Goal
Ensure reliable and safe deletion of a crawlDB used by Web Connector V1 with on-disk storage in a multi-node Fusion 4 deployment.
Environment
Fusion 4.2.6 (self-hosted)
Web Connector V1 using on-disk crawlDB
Multi-node cluster deployment
Guide
Use the REST API to delete crawlDB
Fusion 4 provides an endpoint to delete the crawlDB associated with a connector data source. To ensure deletion across all nodes, avoid using localhost in the API call.
Correct API format:
curl -X DELETE -u USERNAME:PASSWORD 'http://YOURFUSIONHOST:8764/api/apollo/connectors/datasources/YOUR_DATASOURCE_NAME/db'Important:
Always replace
localhostwith the actual hostname or IP address of the Fusion node.This API call can be executed from any node, but the hostname must resolve correctly to the Fusion service.

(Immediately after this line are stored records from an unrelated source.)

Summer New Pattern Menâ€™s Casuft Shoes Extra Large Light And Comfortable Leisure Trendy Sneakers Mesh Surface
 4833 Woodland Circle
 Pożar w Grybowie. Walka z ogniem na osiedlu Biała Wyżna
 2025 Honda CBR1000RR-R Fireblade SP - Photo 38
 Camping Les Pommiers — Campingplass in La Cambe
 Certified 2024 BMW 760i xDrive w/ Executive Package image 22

The API does not return a list of nodes where the deletion occurred, and the operation is not fully deterministic in multi-node environments.
Ensure that the connector data source is not running when issuing this command.
Alternative: Delete crawlDB directly from the file system
If REST deletion is unreliable, you can manually delete the crawlDB file structure from each node.
Path to delete:
<fusion-base-path>/data/connectors/connectors-classic/crawldb/lucid.web/YOUR_DATASOURCE_NAMETo ensure safe deletion:
Stop the connector job before removing files.
Repeat the deletion manually on all nodes in the cluster.
There is no system-wide propagation when deleting files manually; each node must be handled individually.
What happens when using “Clear Datasource” in the UI?
When the "Clear Datasource" option is selected from the Fusion UI, two internal operations are triggered:
A Solr delete-by-query call is made to remove indexed documents associated with the data source.
The same REST API mentioned above is called to delete the crawlDB:
curl -X DELETE -u USERNAME:PASSWORD 'http://YOURFUSIONHOST:8764/api/apollo/connectors/datasources/YOUR_DATASOURCE_NAME/db'Can the crawlDB be permanently deactivated?
No. The crawlDB is required for several core Web Connector features, including incremental crawling and dead URI detection. Deactivation is not supported.
Additional notes
Note: The key to safe and reliable crawlDB removal in Fusion 4 is ensuring consistent targeting of nodes and avoiding the use of localhost. Manual deletion is safe if the connector job is stopped beforehand.